BEGIN Supplied data
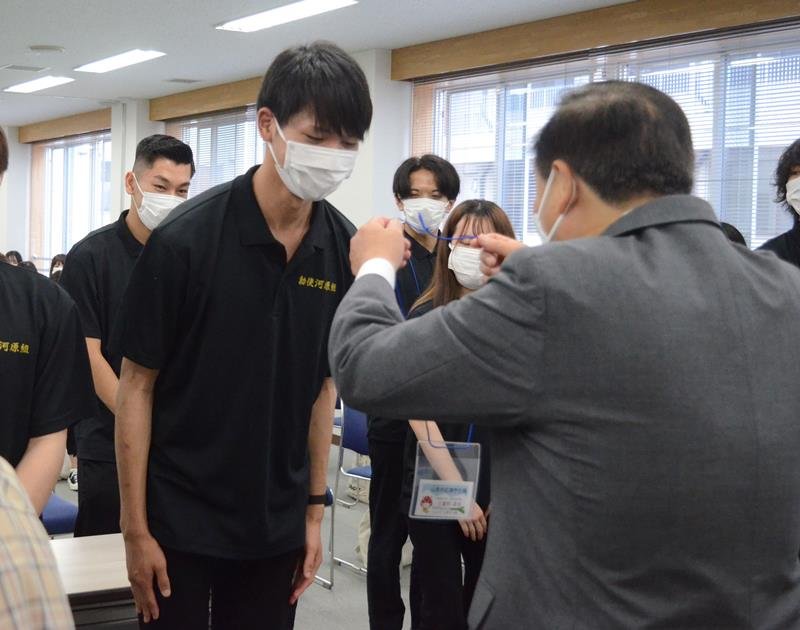 松下市長から「山武市応援学生隊」の名札を渡される千葉商科大人間社会学部の学生ら＝山武市役所
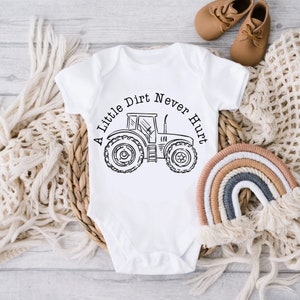 Puede incluir: Un body blanco para bebé con una ilustración en blanco y negro de un tractor y el texto "A Little Dirt Never Hurt".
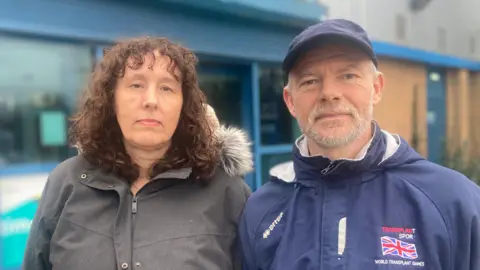 Ancel Mitchell, a middle-aged woman wearing a grey winter coat with brown curly hair standing next to Simon Elmore, a middle-aged an wearing a blue tracksuit top and a navy blue cap with a shirt grey beard. 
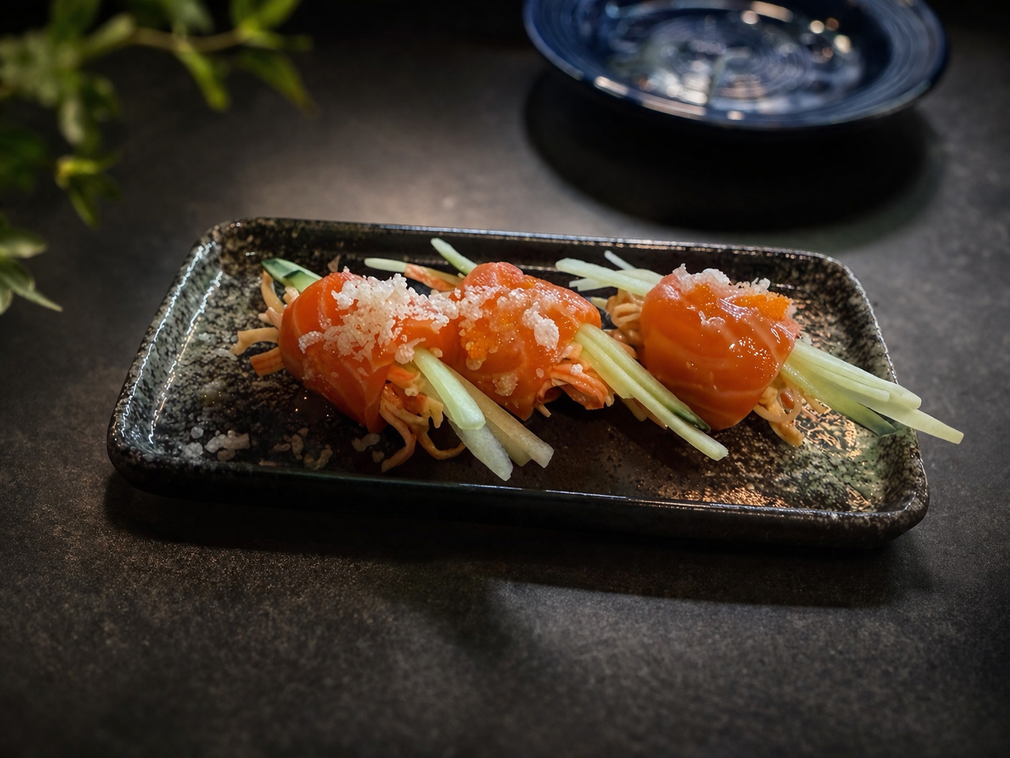 Three salmon rolls garnished with shredded cucumber on a dark, textured rectangular plate against a dim background.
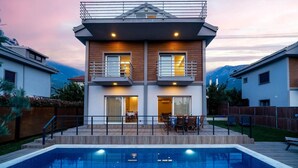 A two-story house with a balcony, a swimming pool, and a mountain view. - Villa Riva - Three Bedroom Villa, Sleeps 6 (Oludeniz)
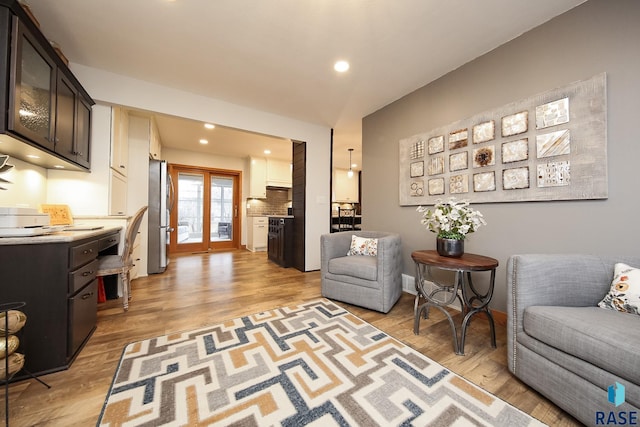 living area featuring light wood-type flooring, french doors, and recessed lighting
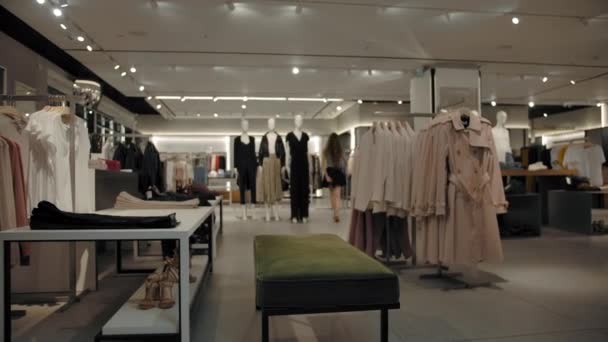 Тайм-ап магазина пустой одежды с двумя покупательницами, выбирающими одежду — стоковое видео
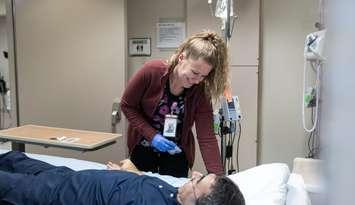  LHSC Registered Practical Nurse, Jessica, prepares an intravenous line to safely deliver fluids—one of many essential skills being refined through hands-on, in-unit training made possible thanks to the support of the RBC Foundation 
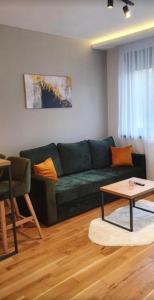 a living room with a green couch and a table at Emerald Mamba - Titova Vila in Zlatibor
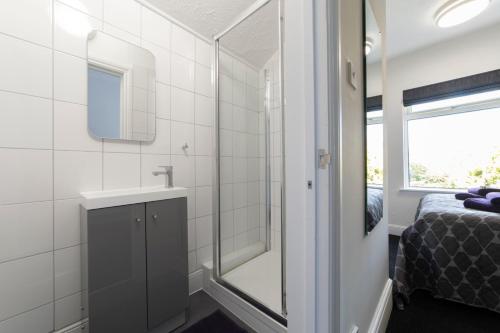 a bathroom with a shower and a sink and a bed at The Norna in Cambridge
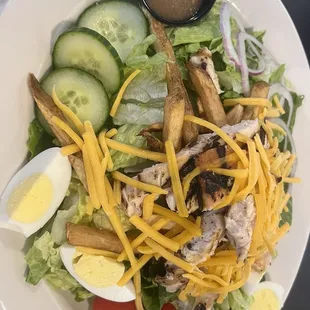 Grilled chicken salad with fries and Italian dressing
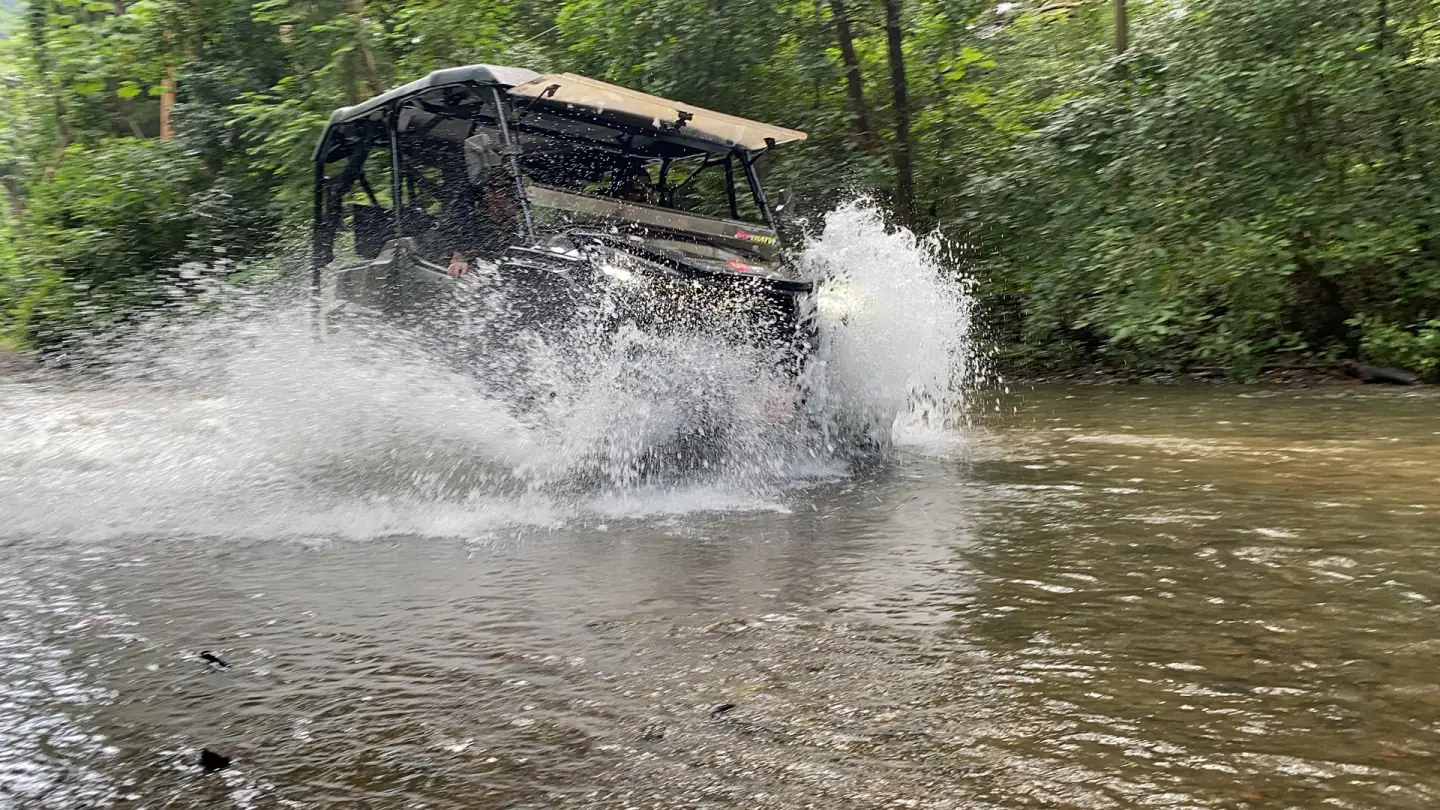 UTV side by side crossing a river at full speed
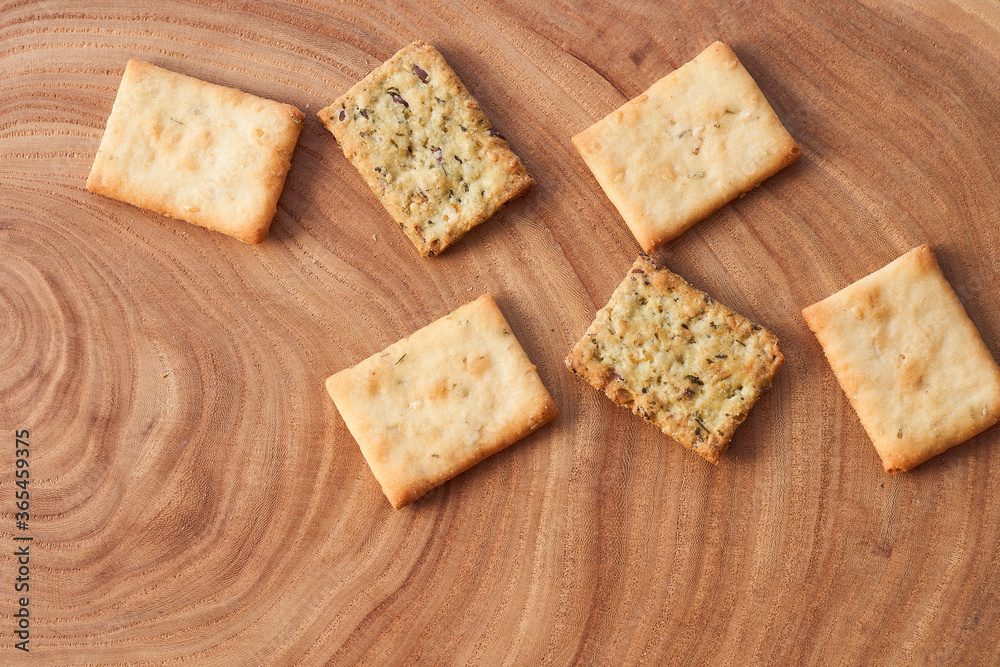 Wheat dry biscuits with spices on a wooden table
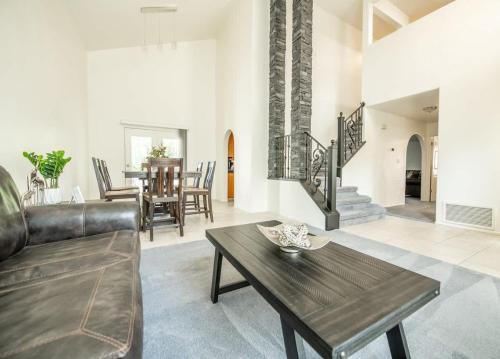 a living room with a couch and a table at Large Family Home with Game Room in Page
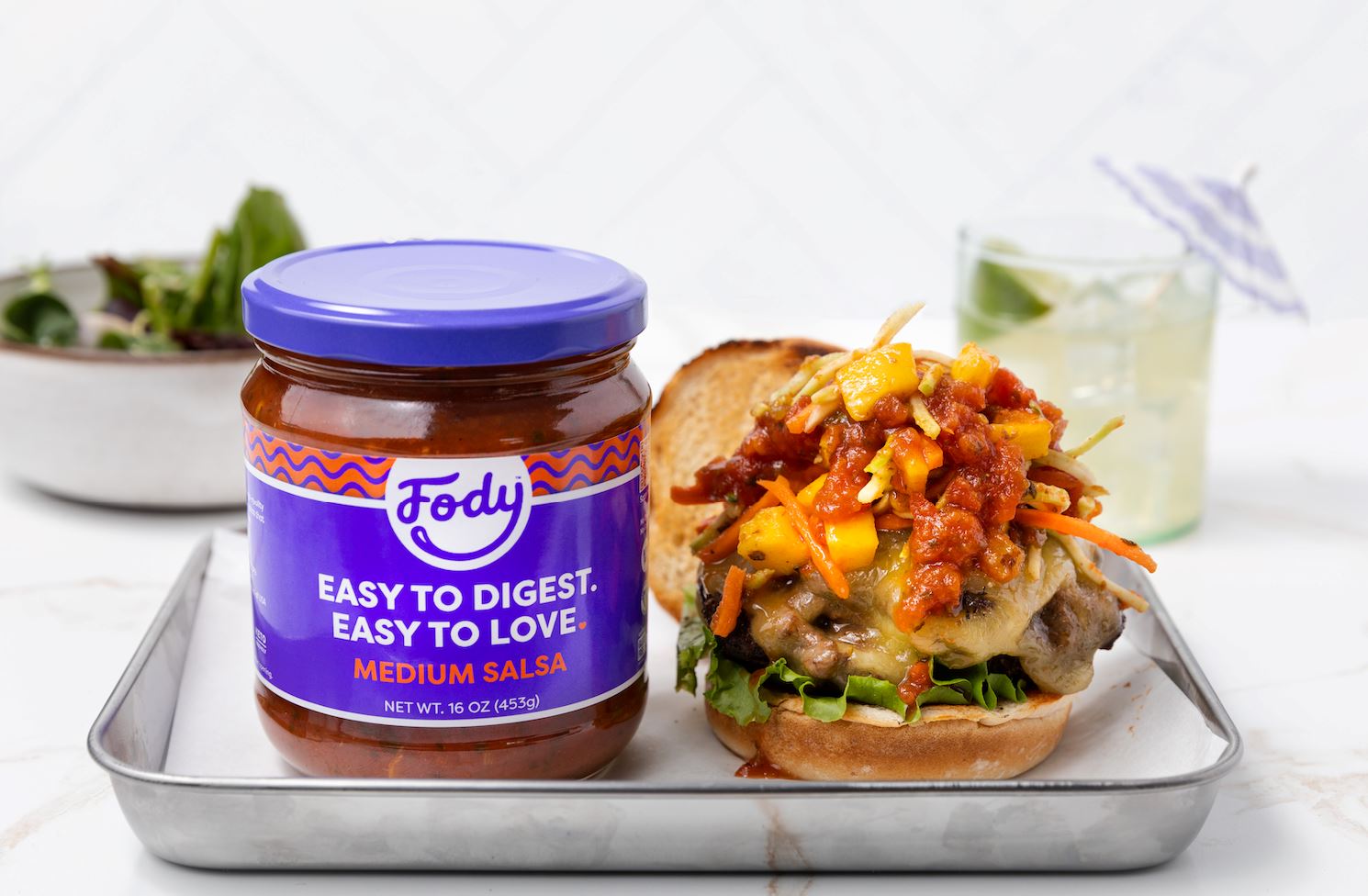 An image of Fody’s Jamaican jerk burger on a tin tray next to a jar of Fody’s medium salsa.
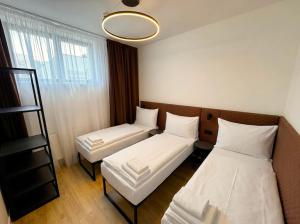 a room with two beds and a window at Factory Suites in Prague
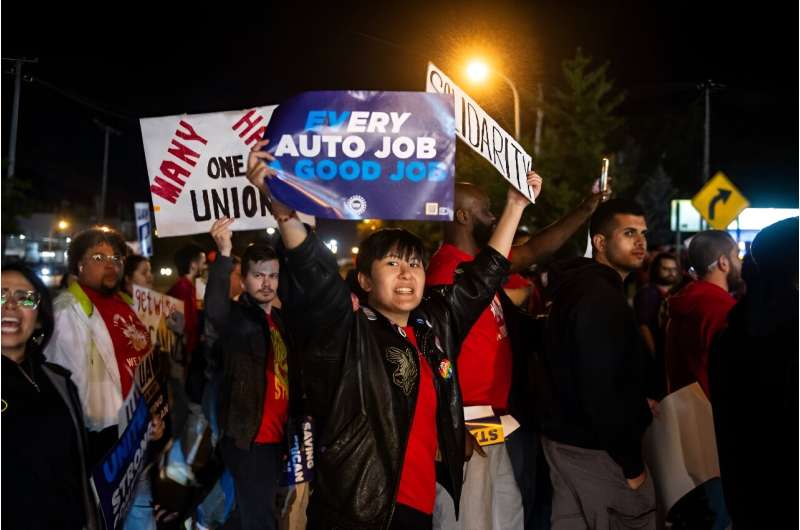 Members of the UAW (United Auto Workers) picket and hold signs outside of the UAW Local 900 headquarters across the street from the Ford Assembly Plant in Wayne, Michigan on September 15, 2023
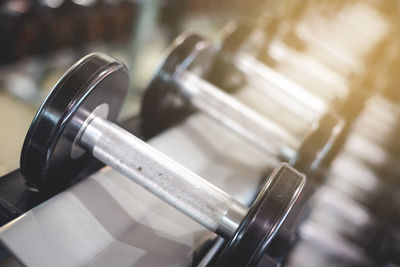 Close-up of dumbbells on rack in gym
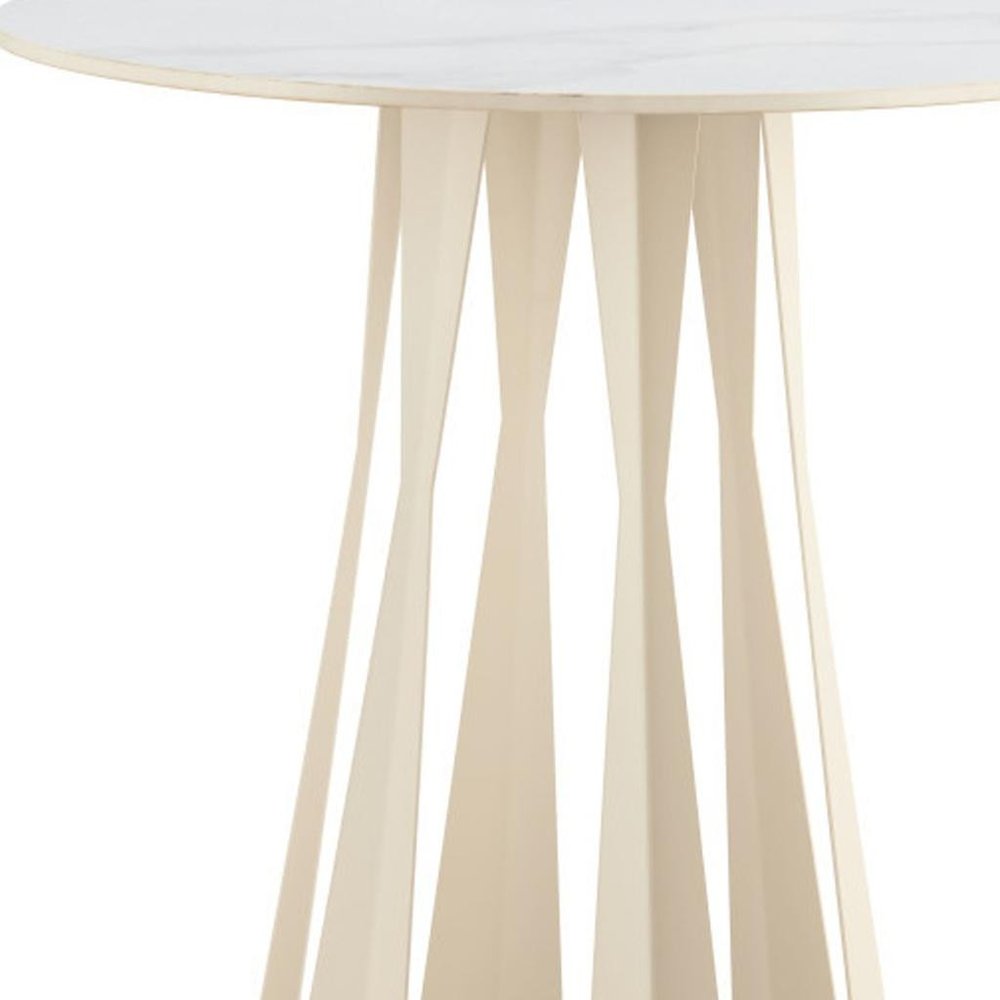 A close-up of a round white faux marble bar table with a beige steel base featuring a unique, faceted design against a white background.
END Supplied data
The task —
Every entry must be transcribed exactly. Pictures do not belong in the copy.

Exercise output —
 松下市長から「山武市応援学生隊」の名札を渡される千葉商科大人間社会学部の学生ら＝山武市役所
 Puede incluir: Un body blanco para bebé con una ilustración en blanco y negro de un tractor y el texto "A Little Dirt Never Hurt".
 Ancel Mitchell, a middle-aged woman wearing a grey winter coat with brown curly hair standing next to Simon Elmore, a middle-aged an wearing a blue tracksuit top and a navy blue cap with a shirt grey beard. 
 Three salmon rolls garnished with shredded cucumber on a dark, textured rectangular plate against a dim background.
 A two-story house with a balcony, a swimming pool, and a mountain view. - Villa Riva - Three Bedroom Villa, Sleeps 6 (Oludeniz)
 living area featuring light wood-type flooring, french doors, and recessed lighting
 Тайм-ап магазина пустой одежды с двумя покупательницами, выбирающими одежду — стоковое видео
  LHSC Registered Practical Nurse, Jessica, prepares an intravenous line to safely deliver fluids—one of many essential skills being refined through hands-on, in-unit training made possible thanks to the support of the RBC Foundation 
 a living room with a green couch and a table at Emerald Mamba - Titova Vila in Zlatibor
 a bathroom with a shower and a sink and a bed at The Norna in Cambridge
 Grilled chicken salad with fries and Italian dressing
 UTV side by side crossing a river at full speed
 Wheat dry biscuits with spices on a wooden table
 a living room with a couch and a table at Large Family Home with Game Room in Page
 An image of Fody’s Jamaican jerk burger on a tin tray next to a jar of Fody’s medium salsa.
 a room with two beds and a window at Factory Suites in Prague
 Members of the UAW (United Auto Workers) picket and hold signs outside of the UAW Local 900 headquarters across the street from the Ford Assembly Plant in Wayne, Michigan on September 15, 2023
 Close-up of dumbbells on rack in gym
 A close-up of a round white faux marble bar table with a beige steel base featuring a unique, faceted design against a white background.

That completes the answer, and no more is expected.